Generic XSLT transform to manipulate similar XML data

We have a tool which is producing an unwanted XML element and we are using XSLT to translate it to the required format.
We are writing a different XSLT for every XML generated by the file. e.g. one for the Customers XML, one for the Orders XML and so on.
Below are a couple of XML data files produced by the tool and the actual output expected
Customers
Tool-generated XML
<Message>
<Data>
<CustomerArray>
<Customer>
<X>
<Name>John</Name>
<Id>100</Id>
<Roles>
<Role>
<X>Manager</X>
<X>Architect</X>
</Role>
</Roles>
</X>
<X>
<Name>Doe</Name>
<Id>102</Id>
<Roles>
<Role>
<X>Supervisor</X>
<X>Admin</X>
</Role>
</Roles>
</X>
</Customer>
</CustomerArray>
</Data>
</Message>
Required XML data
<Message>
<Data>
<CustomerArray>
<Customer>
<Name>John</Name>
<Id>100</Id>
<Roles>
<Role>Manager</Role>
<Role>Architect</Role>
</Roles>
</Customer>
<Customer>
<Name>Doe</Name>
<Id>102</Id>
<Roles>
<Role>Supervisor</Role>
<Role>Admin</Role>
</Roles>
</Customer>
</CustomerArray>
</Data>
</Message>
Orders
Tool-generated XML
<Message>
<Orders>
<Order>
<X>
<OrderNumber>O123</OrderNumber>
<CustomerID>C100</CustomerID>
<Quantity>100</Quantity>
<UnitPrice>10.0</UnitPrice>
</X>
<X>
<OrderNumber>O456</OrderNumber>
<CustomerID>C107</CustomerID>
<Quantity>100</Quantity>
<UnitPrice>5.0</UnitPrice>
</X>
</Order>
</Orders>
</Message>
Required XML data
<Message>
<Orders>
<Order>
<OrderNumber>O123</OrderNumber>
<CustomerID>C100</CustomerID>
<Quantity>100</Quantity>
<UnitPrice>10.0</UnitPrice>
</Order>
<Order>
<OrderNumber>O456</OrderNumber>
<CustomerID>C107</CustomerID>
<Quantity>100</Quantity>
<UnitPrice>5.0</UnitPrice>
</Order>
</Orders>
</Message>
The unwanted element X can come at any level.
Is it possible to write a generic XSLT transform to achieve this result across all XML input? For instance, where an X is found, replace it with the parent tag and then delete the parent tag.
You need to write an identity transform with an explicit template for all nodes that have any X children so that they can be replicated.

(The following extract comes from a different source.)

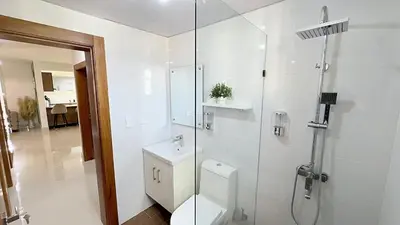 a white bathroom with a toilet and a shower at Luxury Apartment-PRIVATE Patio & BBQ-Near Airport in Santiago de los Caballeros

This transform does what you asked. It uses the variable name to save the name of the element that is parent to the X to avoid writing the more obscure name(current()) when it comes to generating each output element.

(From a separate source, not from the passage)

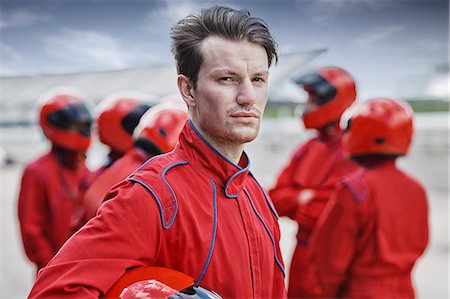 racer - Racer holding helmet on track Stock Photo - Premium Royalty-Free, Code: 6113-06720746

<?xml version="1.0" encoding="UTF-8"?>
<xsl:stylesheet xmlns:xsl="http://www.w3.org/1999/XSL/Transform" version="1.0">
<xsl:strip-space elements="*"/>
<xsl:output method="xml" indent="yes" encoding="UTF-8" omit-xml-declaration="yes"/>
<xsl:template match="node()|#*">
<xsl:copy>
<xsl:apply-templates/>
</xsl:copy>
</xsl:template>
<xsl:template match="*[X]">
<xsl:variable name="name" select="name()"/>
<xsl:for-each select="X">
<xsl:element name="{$name}">
<xsl:apply-templates/>
</xsl:element>
</xsl:for-each>
</xsl:template>
</xsl:stylesheet>
output
Customers
<Message>
<Data>
<CustomerArray>
<Customer>
<Name>John</Name>
<Id>100</Id>
<Roles>
<Role>Manager</Role>
<Role>Architect</Role>
</Roles>
</Customer>
<Customer>
<Name>Doe</Name>
<Id>102</Id>
<Roles>
<Role>Supervisor</Role>
<Role>Admin</Role>
</Roles>
</Customer>
</CustomerArray>
</Data>
</Message>
Orders
<Message>
<Orders>
<Order>
<OrderNumber>O123</OrderNumber>
<CustomerID>C100</CustomerID>
<Quantity>100</Quantity>
<UnitPrice>10.0</UnitPrice>
</Order>
<Order>
<OrderNumber>O456</OrderNumber>
<CustomerID>C107</CustomerID>
<Quantity>100</Quantity>
<UnitPrice>5.0</UnitPrice>
</Order>
</Orders>
</Message>
Here is a slightly simpler/shorter solution, which also handles correctly the case when a X can have non X sibling elements:
<xsl:stylesheet version="1.0" xmlns:xsl="http://www.w3.org/1999/XSL/Transform">
<xsl:output omit-xml-declaration="yes" indent="yes"/>
<xsl:strip-space elements="*"/>
<xsl:template match="node()|#*">
<xsl:copy>
<xsl:apply-templates select="node()|#*"/>
</xsl:copy>
</xsl:template>
<xsl:template match="*[X]"><xsl:apply-templates/></xsl:template>
<xsl:template match="X">
<xsl:element name="{name(..)}">
<xsl:apply-templates select="node()|#*"/>
</xsl:element>
</xsl:template>
</xsl:stylesheet>
When this transformation is applied to the following XML document (the first of the provided ones, with one non-X sibling added to the X elements:
<Message>
<Data>
<CustomerArray>
<Customer>
<X>
<Name>John</Name>
<Id>100</Id>
<Roles>
<Role>
<X>Manager</X>
<X>Architect</X>
</Role>
</Roles>
</X>
<somethingElse/>
<X>
<Name>Doe</Name>
<Id>102</Id>
<Roles>
<Role>
<X>Supervisor</X>
<X>Admin</X>
</Role>
</Roles>
</X>
</Customer>
</CustomerArray>
</Data>
</Message>
the wanted, correct result is produced:
<Message>
<Data>
<CustomerArray>
<Customer>
<Name>John</Name>
<Id>100</Id>
<Roles>
<Role>Manager</Role>
<Role>Architect</Role>
</Roles>
</Customer>
<somethingElse/>
<Customer>
<Name>Doe</Name>
<Id>102</Id>
<Roles>
<Role>Supervisor</Role>
<Role>Admin</Role>
</Roles>
</Customer>
</CustomerArray>
</Data>
</Message>
Do note that the solution by Borodin loses the somethingElse element.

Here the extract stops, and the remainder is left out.